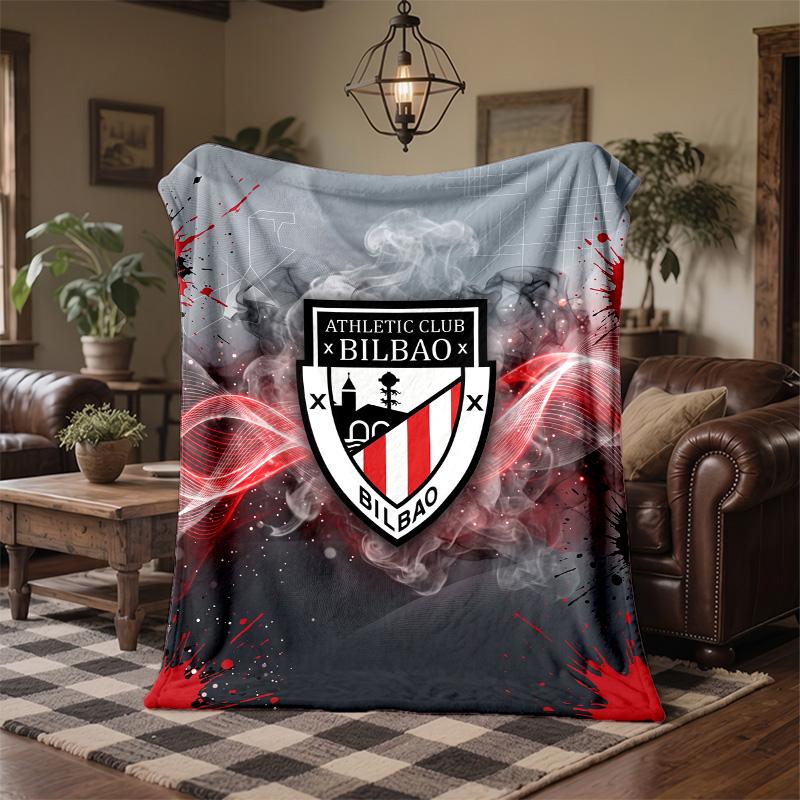 Athletic Bilbao Voetbal Print Flanellen Deken Zacht Warm Sofa Bed Plaid Deken Voor Huis Kantoor Slaapkamer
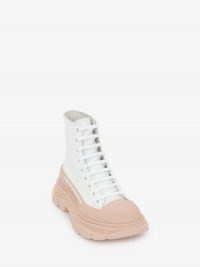 ALEXANDER MCQUEEN Tread Slick Boot WHITE / TEA ROSE ~ womens chunky pink sole lace up combat boots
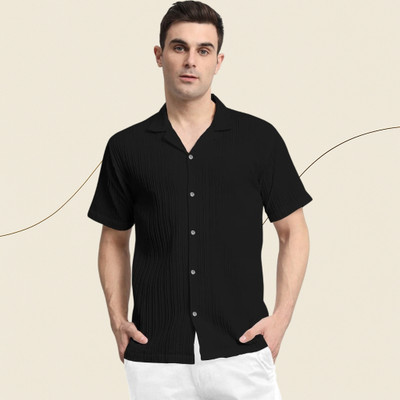 A Sti Men Self Design Casual Black Shirt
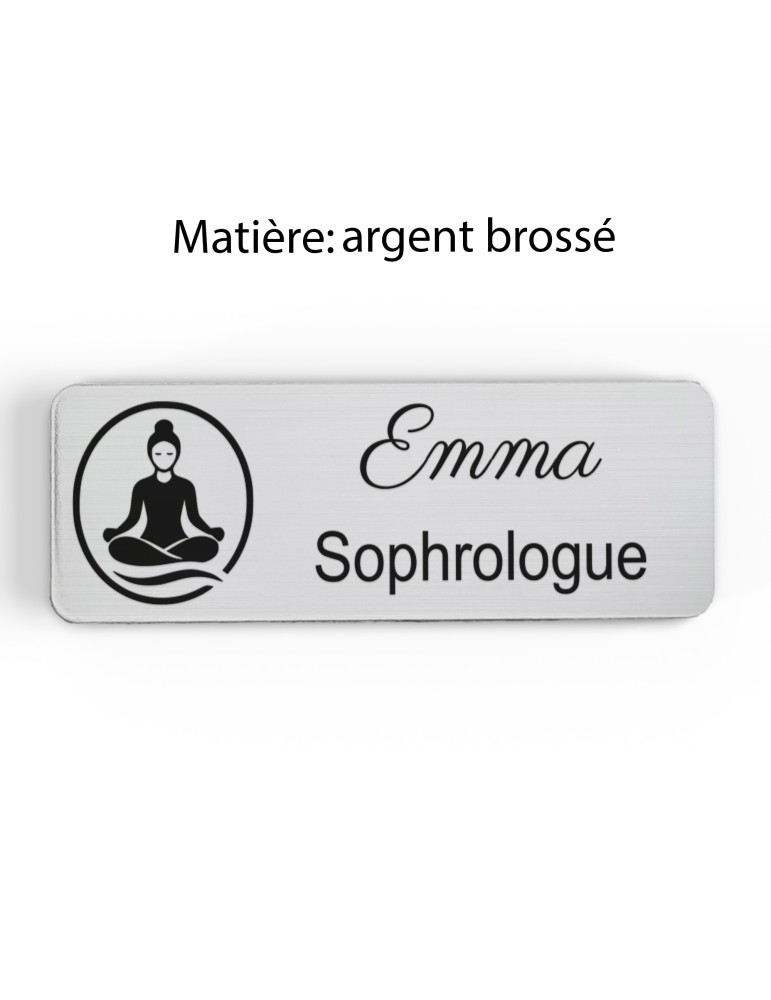 Badge personnalisé sophrologue, motif sophrologie et respiration, finition argent brossé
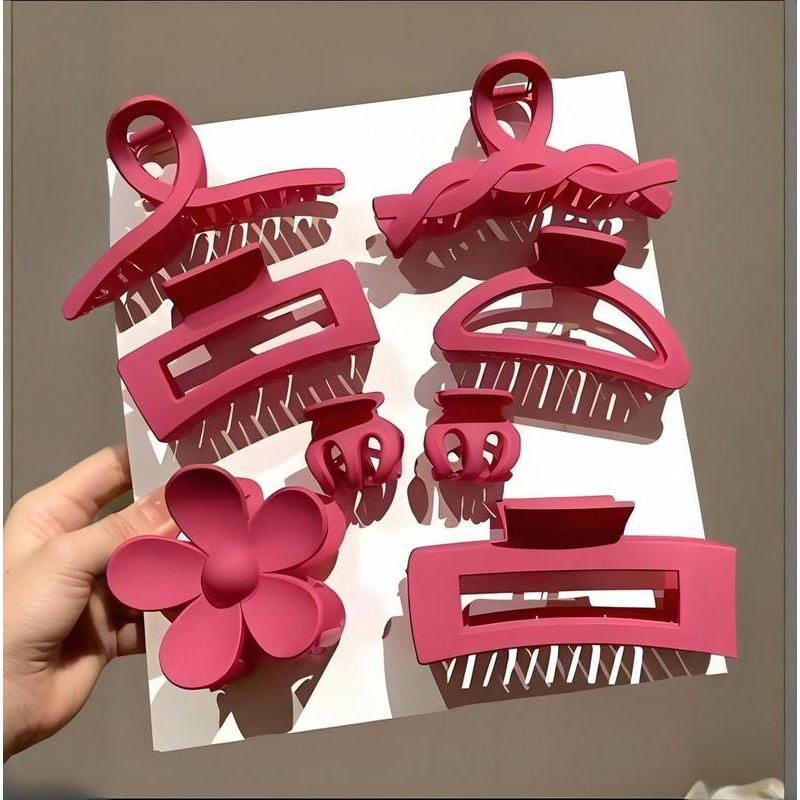 Kit 8 prendedor de cabelo simples grampo de cabelo feminino grampo de cabelo de alta qualidade clipe de tubarão em Oferta na Shopee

■ Your instructions: Copy the listing word for word, excluding its pictures.

■ Expected output:
 Athletic Bilbao Voetbal Print Flanellen Deken Zacht Warm Sofa Bed Plaid Deken Voor Huis Kantoor Slaapkamer
 ALEXANDER MCQUEEN Tread Slick Boot WHITE / TEA ROSE ~ womens chunky pink sole lace up combat boots
 A Sti Men Self Design Casual Black Shirt
 Badge personnalisé sophrologue, motif sophrologie et respiration, finition argent brossé
 Kit 8 prendedor de cabelo simples grampo de cabelo feminino grampo de cabelo de alta qualidade clipe de tubarão em Oferta na Shopee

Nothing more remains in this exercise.